Retype exactly the span of lines below from the one with "Gift Design Σετ" through the one with "16' NEGRO - 5". Do not include pictures.

§ Data in this exercise
━━━━━━

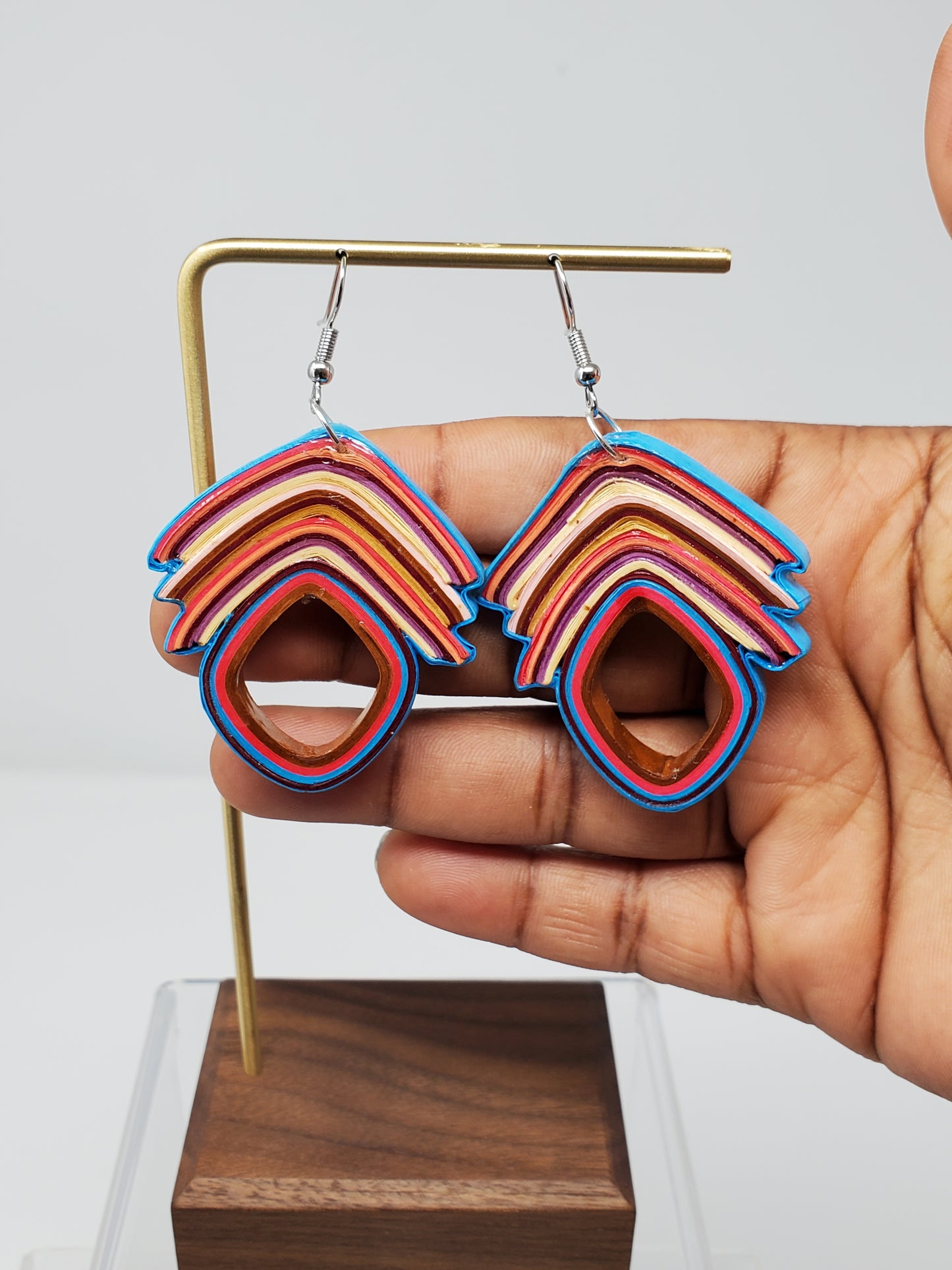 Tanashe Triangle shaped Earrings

━━━━━━

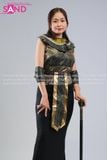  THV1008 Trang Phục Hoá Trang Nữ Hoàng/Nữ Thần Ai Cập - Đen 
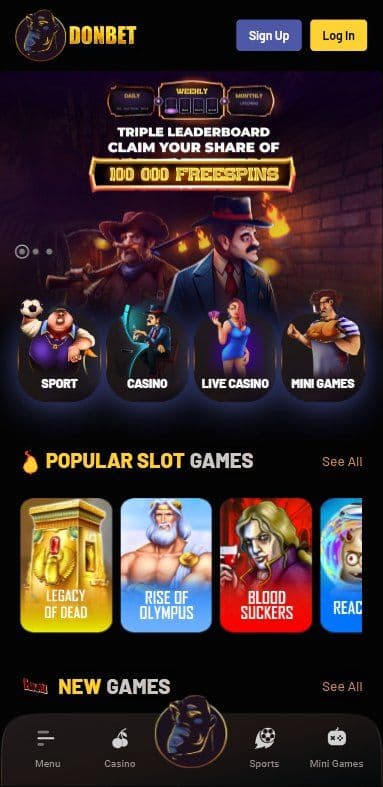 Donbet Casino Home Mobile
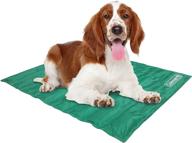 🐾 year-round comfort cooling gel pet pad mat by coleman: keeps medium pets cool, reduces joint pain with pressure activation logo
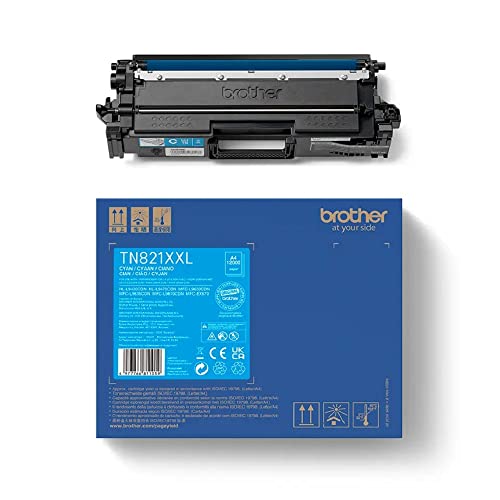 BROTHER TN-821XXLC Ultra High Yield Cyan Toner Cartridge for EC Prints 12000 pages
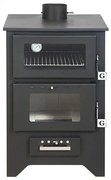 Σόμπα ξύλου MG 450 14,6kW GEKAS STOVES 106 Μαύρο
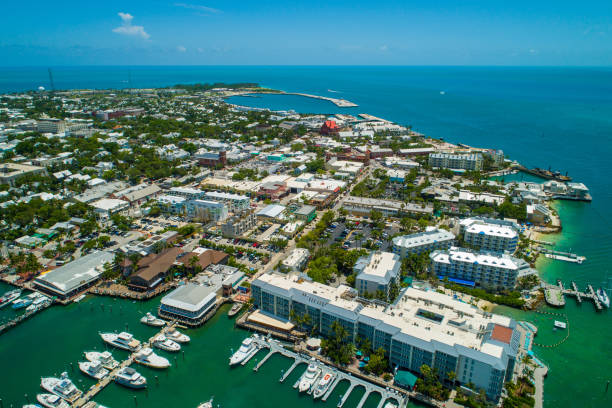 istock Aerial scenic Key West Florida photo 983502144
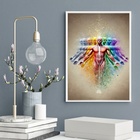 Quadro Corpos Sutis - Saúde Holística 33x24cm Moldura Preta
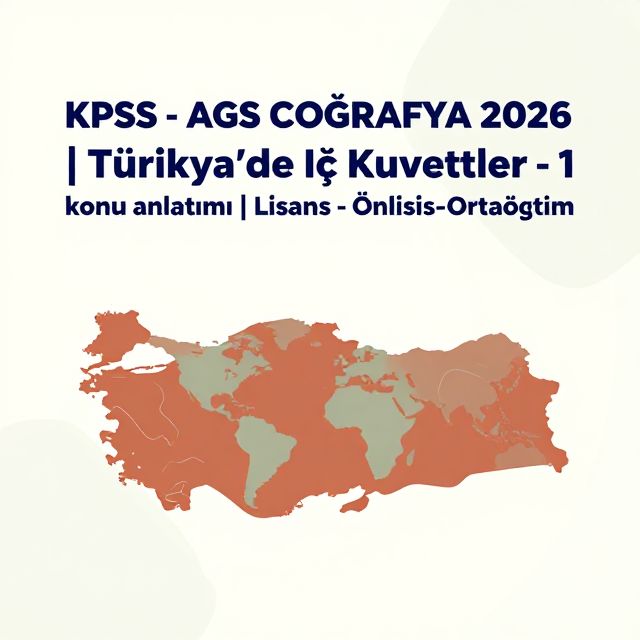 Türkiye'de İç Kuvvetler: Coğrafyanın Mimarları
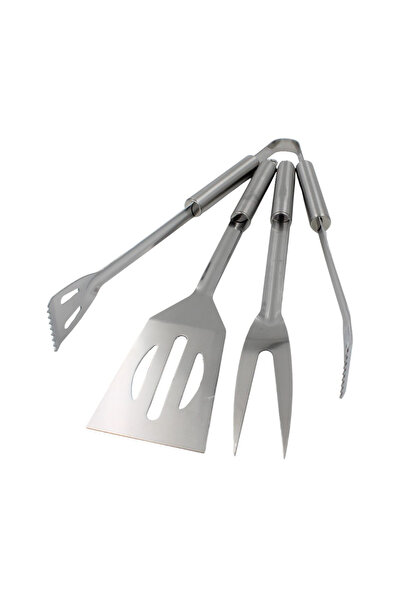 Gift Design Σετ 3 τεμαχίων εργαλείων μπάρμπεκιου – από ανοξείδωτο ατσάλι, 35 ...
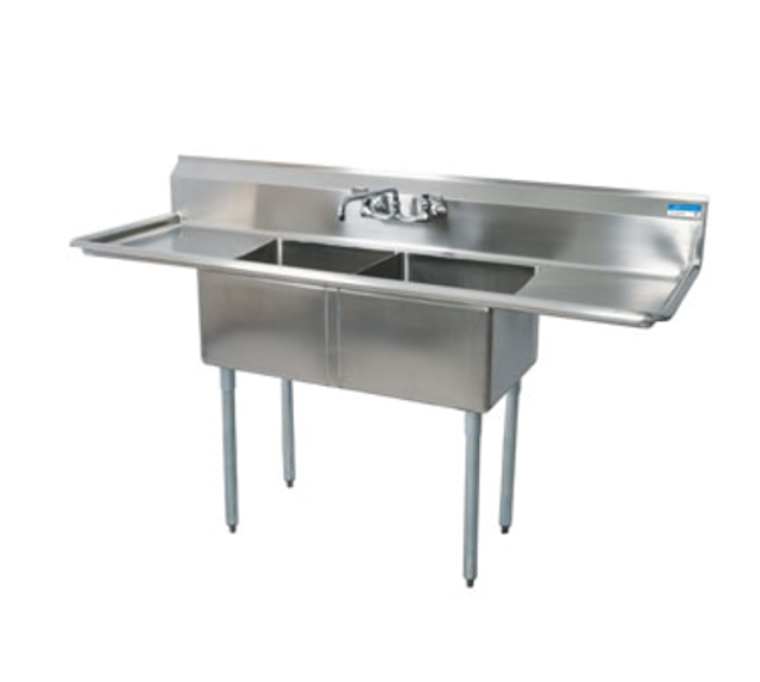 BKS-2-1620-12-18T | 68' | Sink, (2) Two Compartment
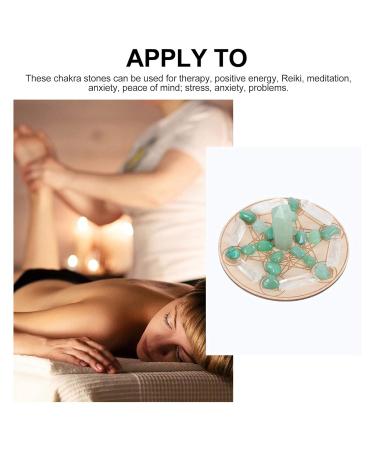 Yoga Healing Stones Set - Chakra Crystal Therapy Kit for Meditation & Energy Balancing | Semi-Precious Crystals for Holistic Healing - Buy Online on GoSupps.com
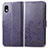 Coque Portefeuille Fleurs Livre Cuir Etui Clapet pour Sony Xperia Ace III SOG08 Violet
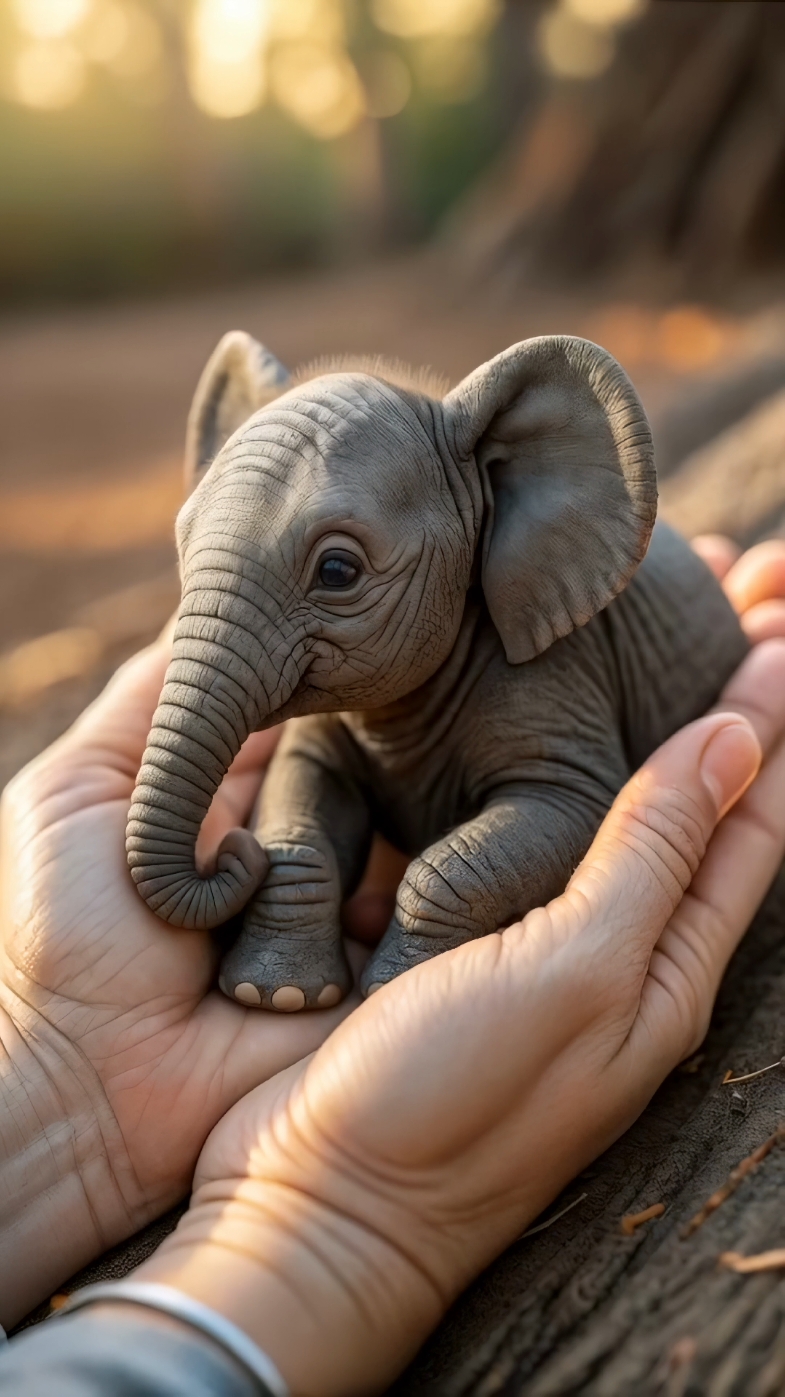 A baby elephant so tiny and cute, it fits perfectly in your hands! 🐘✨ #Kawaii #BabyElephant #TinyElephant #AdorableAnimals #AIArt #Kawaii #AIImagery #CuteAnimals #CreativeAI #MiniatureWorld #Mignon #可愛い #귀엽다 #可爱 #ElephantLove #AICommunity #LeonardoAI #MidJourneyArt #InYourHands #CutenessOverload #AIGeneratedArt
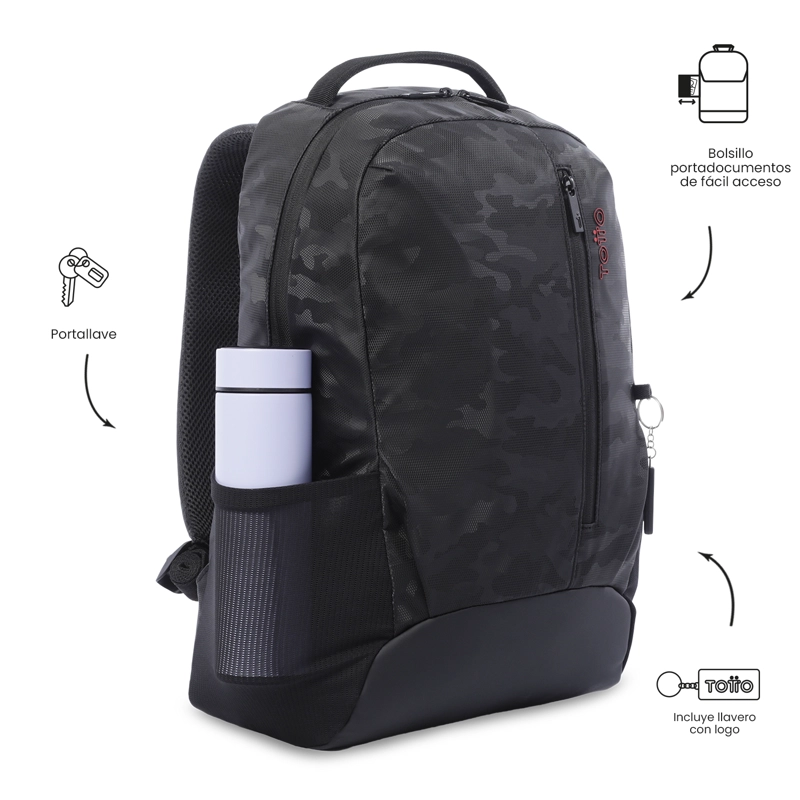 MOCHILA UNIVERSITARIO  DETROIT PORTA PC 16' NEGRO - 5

━━━━━━

§ Written solution
 Gift Design Σετ 3 τεμαχίων εργαλείων μπάρμπεκιου – από ανοξείδωτο ατσάλι, 35 ...
 BKS-2-1620-12-18T | 68' | Sink, (2) Two Compartment
 Yoga Healing Stones Set - Chakra Crystal Therapy Kit for Meditation & Energy Balancing | Semi-Precious Crystals for Holistic Healing - Buy Online on GoSupps.com
 Coque Portefeuille Fleurs Livre Cuir Etui Clapet pour Sony Xperia Ace III SOG08 Violet
 A baby elephant so tiny and cute, it fits perfectly in your hands! 🐘✨ #Kawaii #BabyElephant #TinyElephant #AdorableAnimals #AIArt #Kawaii #AIImagery #CuteAnimals #CreativeAI #MiniatureWorld #Mignon #可愛い #귀엽다 #可爱 #ElephantLove #AICommunity #LeonardoAI #MidJourneyArt #InYourHands #CutenessOverload #AIGeneratedArt
 MOCHILA UNIVERSITARIO  DETROIT PORTA PC 16' NEGRO - 5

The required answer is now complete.